→ **Supplied material**:
==============================

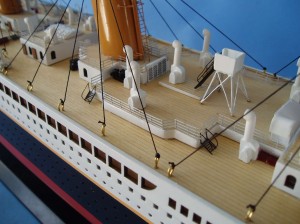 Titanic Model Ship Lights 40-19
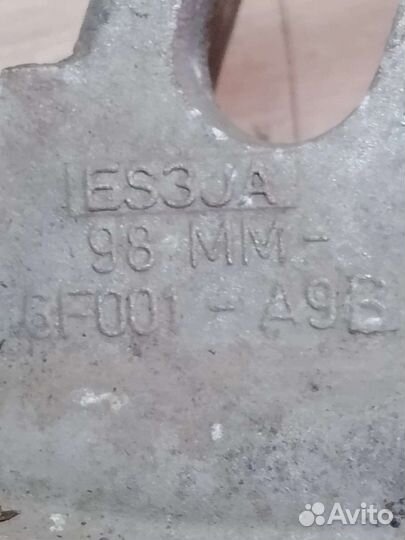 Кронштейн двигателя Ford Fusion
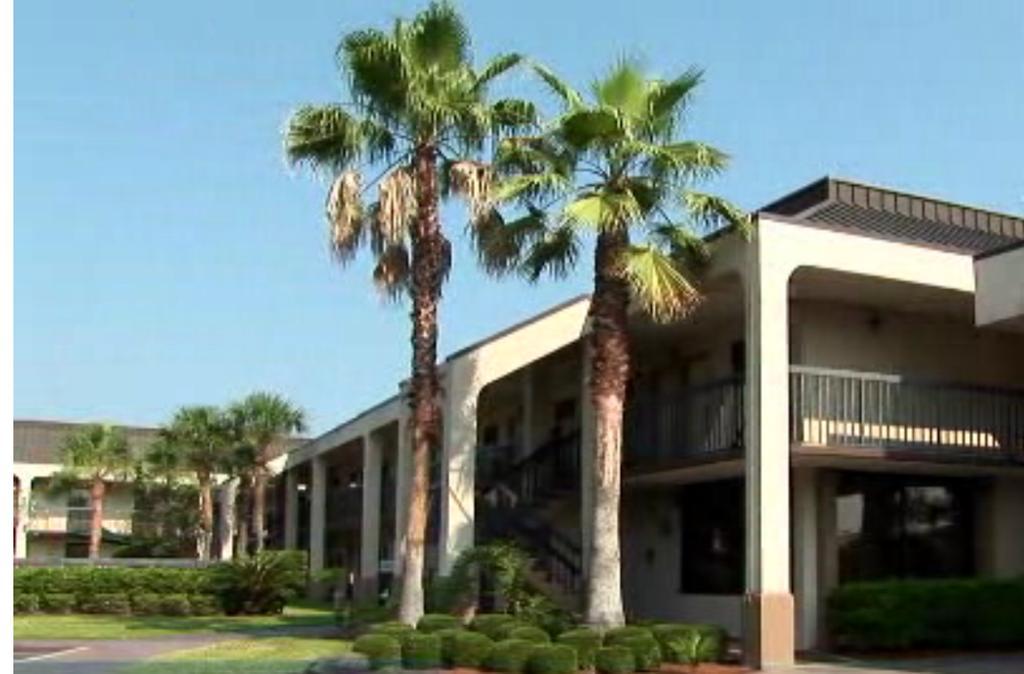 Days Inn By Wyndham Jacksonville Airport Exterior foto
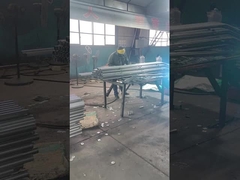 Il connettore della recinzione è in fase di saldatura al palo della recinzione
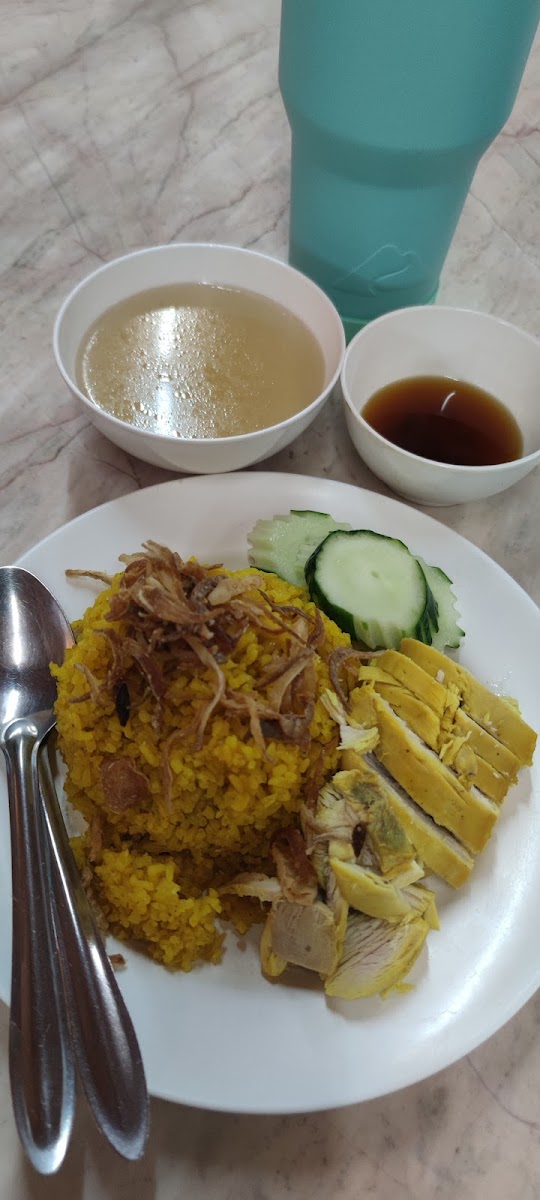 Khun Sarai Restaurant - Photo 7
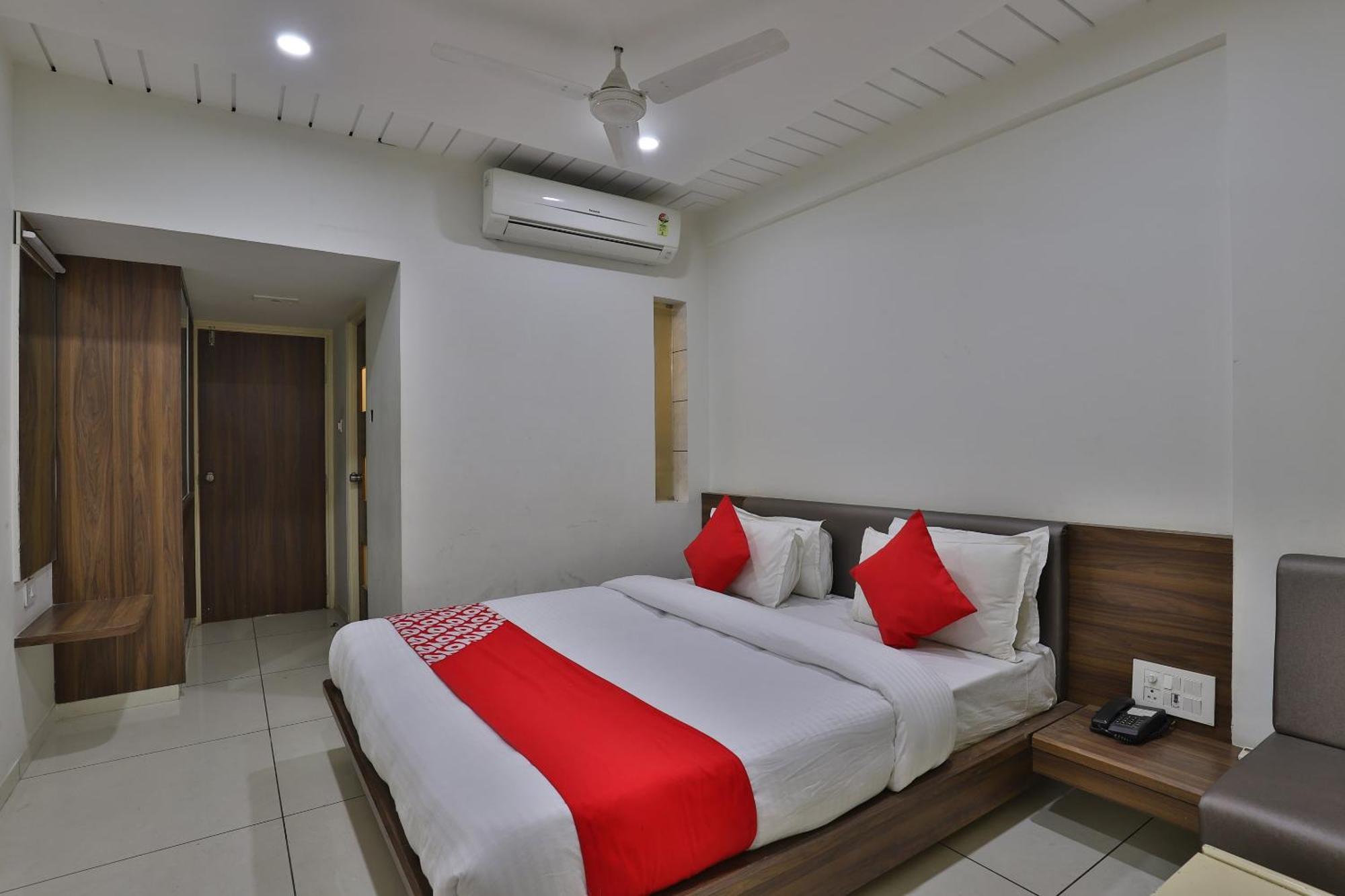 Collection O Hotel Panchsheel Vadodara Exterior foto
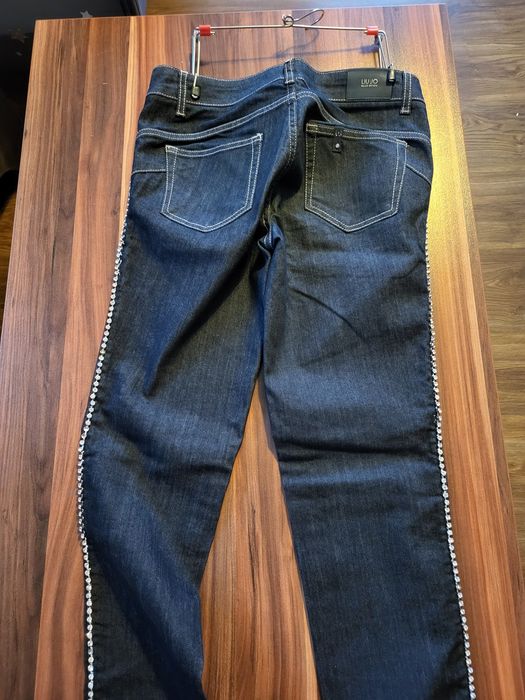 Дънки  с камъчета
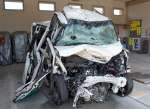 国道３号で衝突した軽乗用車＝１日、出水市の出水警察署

==============================

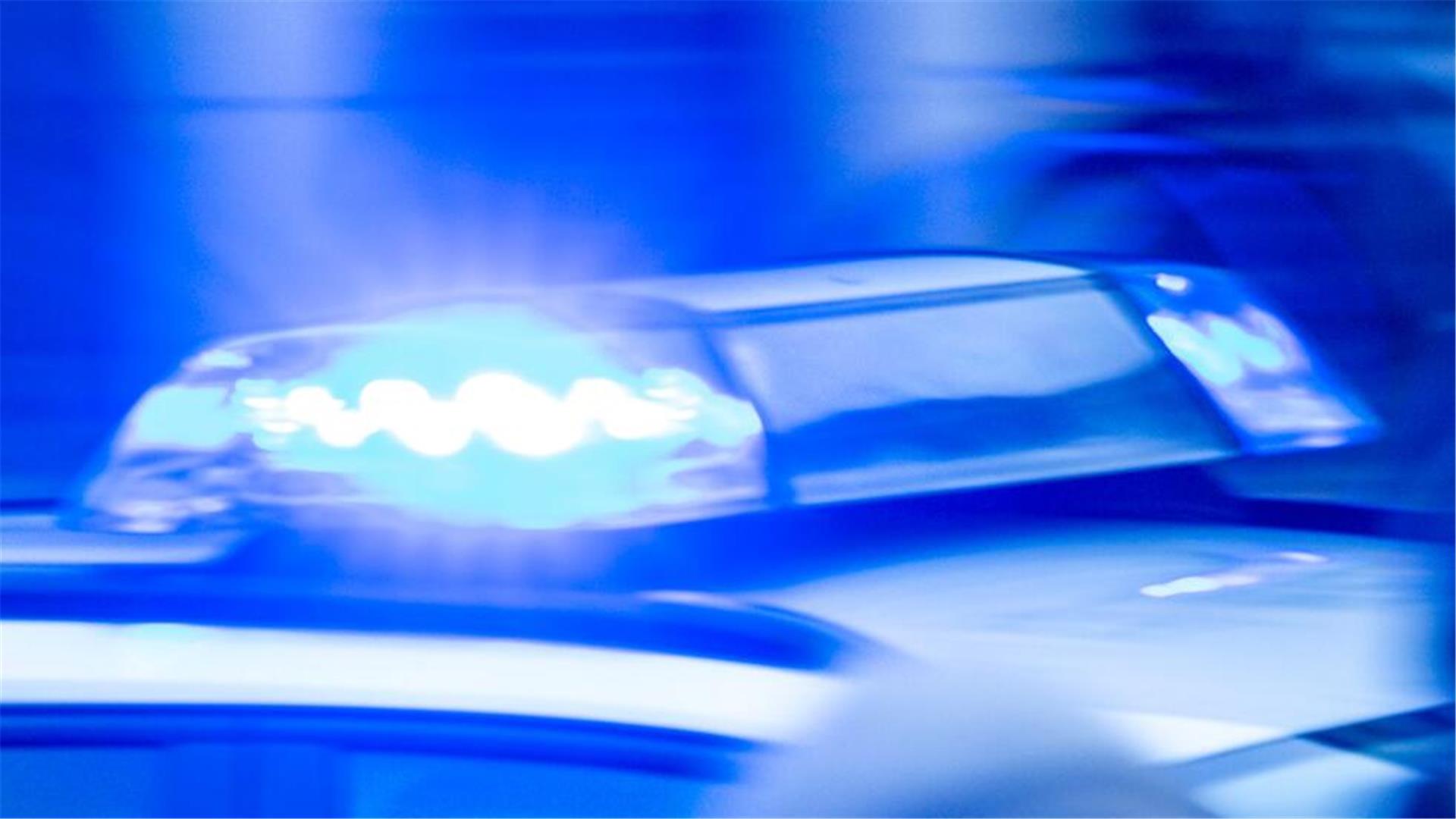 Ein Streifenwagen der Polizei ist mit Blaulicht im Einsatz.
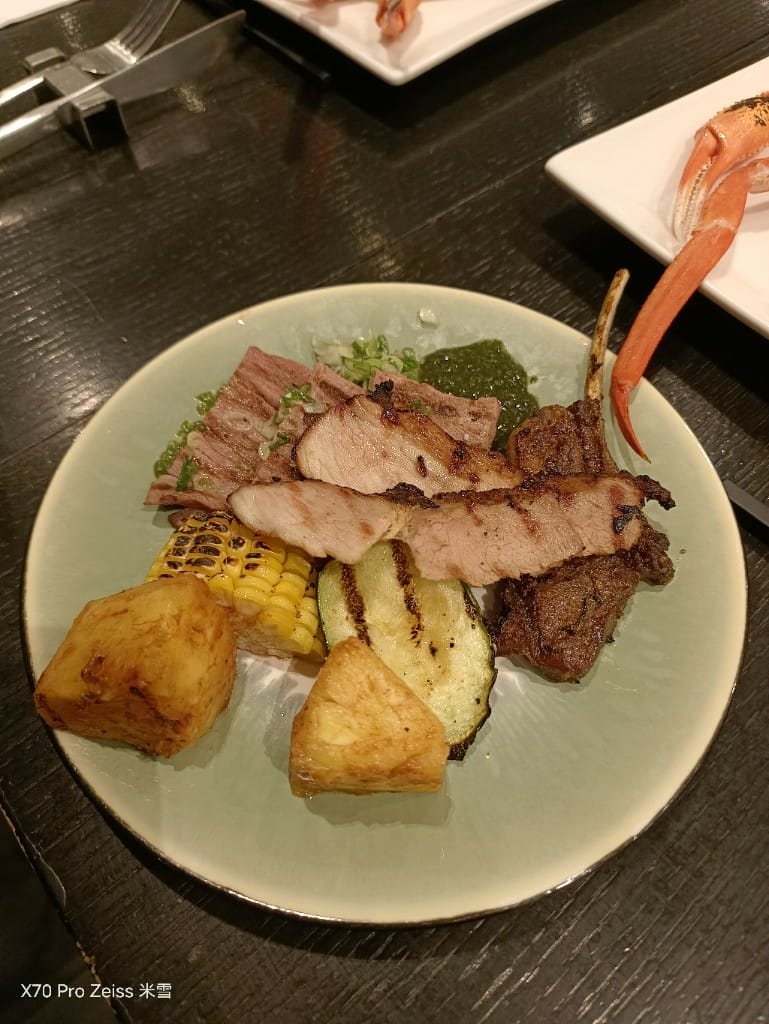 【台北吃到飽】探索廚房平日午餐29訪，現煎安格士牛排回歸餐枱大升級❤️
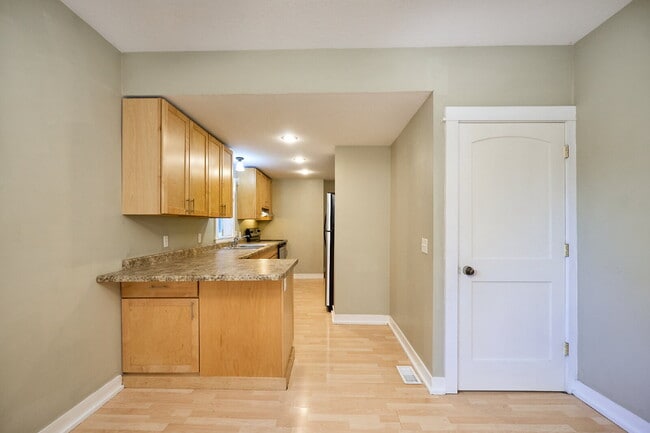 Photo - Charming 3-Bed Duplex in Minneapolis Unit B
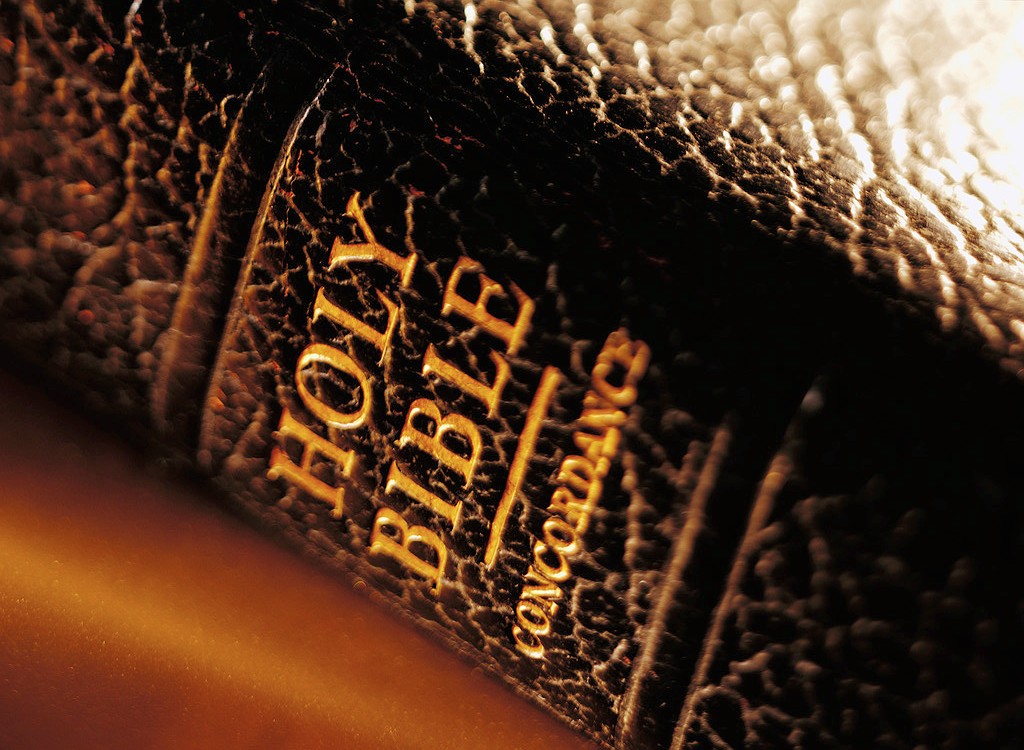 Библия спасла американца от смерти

==============================

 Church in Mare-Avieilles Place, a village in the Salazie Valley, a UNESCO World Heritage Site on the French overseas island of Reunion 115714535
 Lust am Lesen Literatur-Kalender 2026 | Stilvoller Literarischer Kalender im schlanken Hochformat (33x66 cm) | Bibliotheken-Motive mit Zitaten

==============================

→ **How to complete this task**: Word for word, restate the lines above from the one with "Кронштейн двигателя Ford Fusion" through the one with "国道３号で衝突した軽乗用車＝１日、出水市の出水警察署", keeping both ends and dropping the pictures.

→ **Response to this task**:
 Кронштейн двигателя Ford Fusion
 Days Inn By Wyndham Jacksonville Airport Exterior foto
 Il connettore della recinzione è in fase di saldatura al palo della recinzione
 Khun Sarai Restaurant - Photo 7
 Collection O Hotel Panchsheel Vadodara Exterior foto
 Дънки  с камъчета
 国道３号で衝突した軽乗用車＝１日、出水市の出水警察署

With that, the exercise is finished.